SUPPLIED DATA
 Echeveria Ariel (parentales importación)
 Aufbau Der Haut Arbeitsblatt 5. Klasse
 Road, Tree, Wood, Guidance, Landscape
==
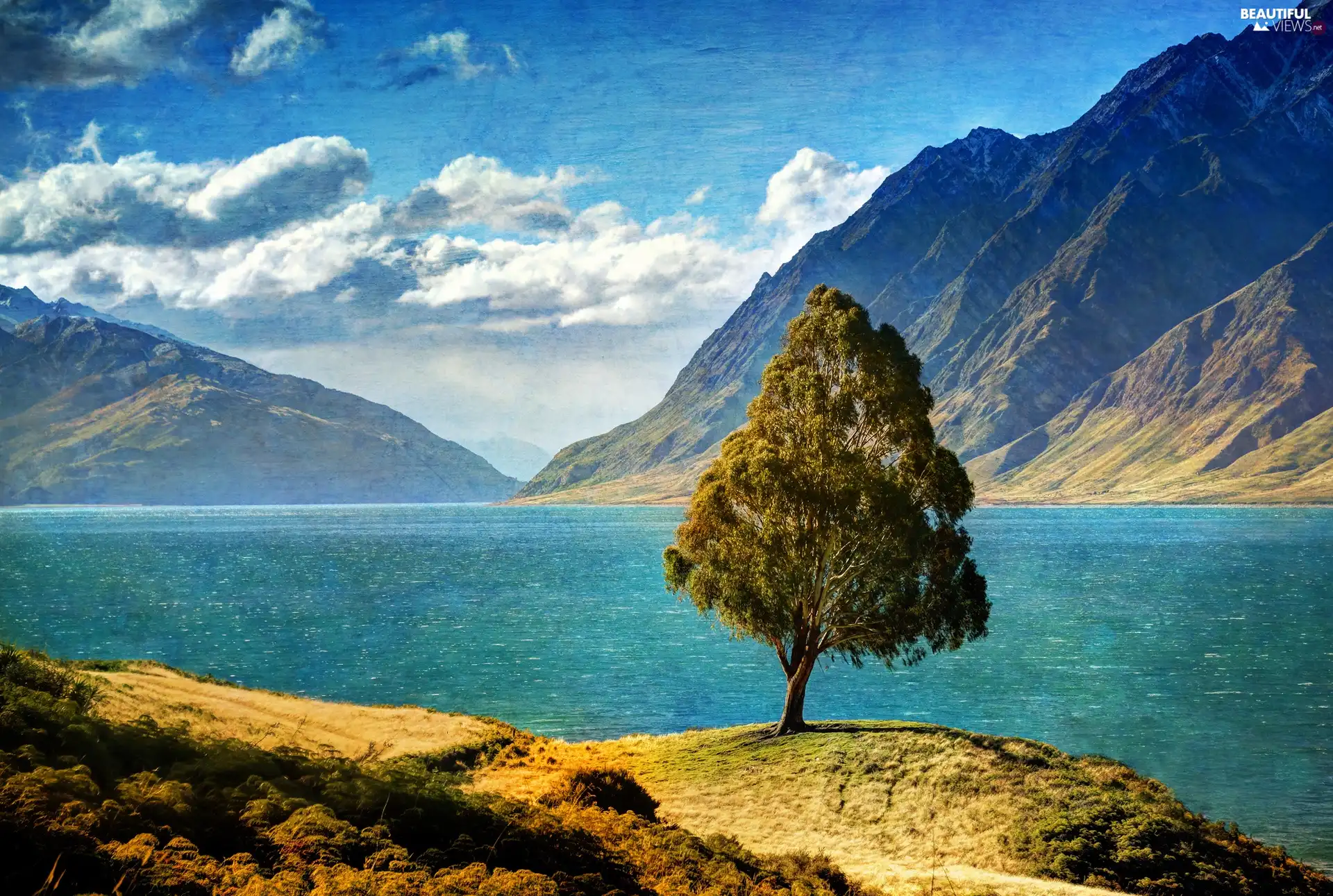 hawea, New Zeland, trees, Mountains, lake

WORK TO COMPLETE
From the material above, retype precisely the lines between the line holding "Aufbau Der Haut Arbeitsblatt 5. Klasse" and the line holding "Road, Tree, Wood, Guidance, Landscape", inclusive, and nothing beyond them.

OUTPUT FOR THIS EXERCISE
 Aufbau Der Haut Arbeitsblatt 5. Klasse
 Road, Tree, Wood, Guidance, Landscape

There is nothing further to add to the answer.